Этот факт в биографии отца самим Киркегором был воспринят очень рано: чувство родового проклятия никогда до конца не покидало его. К моменту рождения Серёна, самого младшего, отцу его было 56 лет, а матери (второй жене Михаила Киркегора, на которой он женился после смерти первой жены и которая прежде была служанкой в их доме) - 45.
Это обстоятельство дало некоторым исследователям повод считать, что душевная депрессия, которой впоследствии страдал Серён Киркегор, была вызвана его запоздалым рождением. «Жизненная судьба и духовный облик Серёна Киркегора, - пишет в своем исследовании Август Веттер, - уже были предначертаны тем, что он был сыном старика».
Атмосфера родительского дома в известной степени, конечно, наложила свою печать на Киркегора, видимо, рано духовно и умственно созревшего. Однако в том, что Киркегор слишком рано перестал быть ребёнком, сказался не столько возраст, сколько умонастроение его отца, а также то обстоятельство, что на его глазах умерли почти все его братья и сестры (всего у Михаила Киркегора было семеро детей, а к 1835 г. в живых осталось только двое - сыновья Педер-Христиан и Серён). Отец Киркегора воспринял смерть детей как свидетельство того, что Бог не простил ему тяжкий грех. Отец оказал значительное влияние на Киркегора; в дневниках последнего можно встретить ряд замечаний об отце, о взаимных отношениях отца и сына как о серьёзной нравственной проблеме. «Отец для сына, - писал Киркегор впоследствии, - подобен зеркалу, в котором он видит самого себя».

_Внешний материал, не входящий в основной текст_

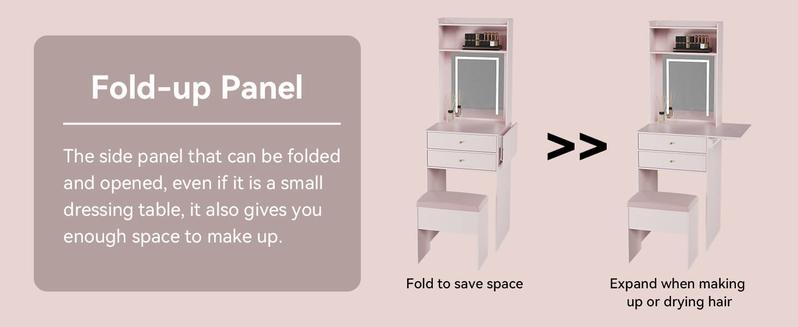 Small Vanity Desk Set with 3 Adjustable Lighted Mirror and Storage Chair IF018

Напротив, о матери у Киркегора нет даже упоминания; в отличие от отца, жившего напряженной нравственно-религиозной жизнью, эта женщина не оставила сколько-нибудь заметного следа в духовном мире сына, рано созревшего духовно и потому искавшего чего-то большего, чем просто материнская забота. Это обстоятельство показалось некоторым его исследователям весьма важным для понимания самой философской позиции Киркегора. Уже упоминавшемуся выше Августу Веттеру, написавшему о Киркегоре большую и интересную работу «Благочестие как страсть» […]
Анализируя биографию Киркегора, Веттер обращает внимание на тот факт, что Киркегор нигде не упоминает о своей матери, и считает такое умолчание важнейшим аргументом в пользу своей концепции. Ибо молчание, по его мнению, является свидетельством наличия комплекса по отношению к матери; последний, будучи подавленным, загнанным в сферу бессознательного, даёт о себе знать только через умолчание. «У нас, правда, нет никаких «прямых сообщений» об отношении Серёна к матери, однако именно его молчание выдает больше, чем могли бы сделать похвала или жалоба. Не любовь делает его немым, ибо любовь хочет сообщить о себе. Но это не может быть и ненависть, ибо ненависть должна сообщить о себе. Как раз обессиливающее столкновение и короткое замыкание обеих страстей порождает здесь Ничто демонической замкнутости».
Таким образом, уже, по существу, из детского комплекса вырастает основная тема философии Киркегора, которая затем лишь детализируется, обрастает материалом, но не меняется. Именно детство Киркегора и должно, по убеждению Веттера, быть разгадкой всех загадок его жизни и творчества. «За всеми загадками его жизни, которые он заботливо скрывал, лежит одна, первоначальнее и темнее всех остальных, которую ему трудно было осознать и которая поэтому составляет самую глубокую бездну его тайны».
Гайденко П.П., Прорыв к трансцендентному. Новая отнология XX века, М., «Республика», 1997 г., с. 31-34.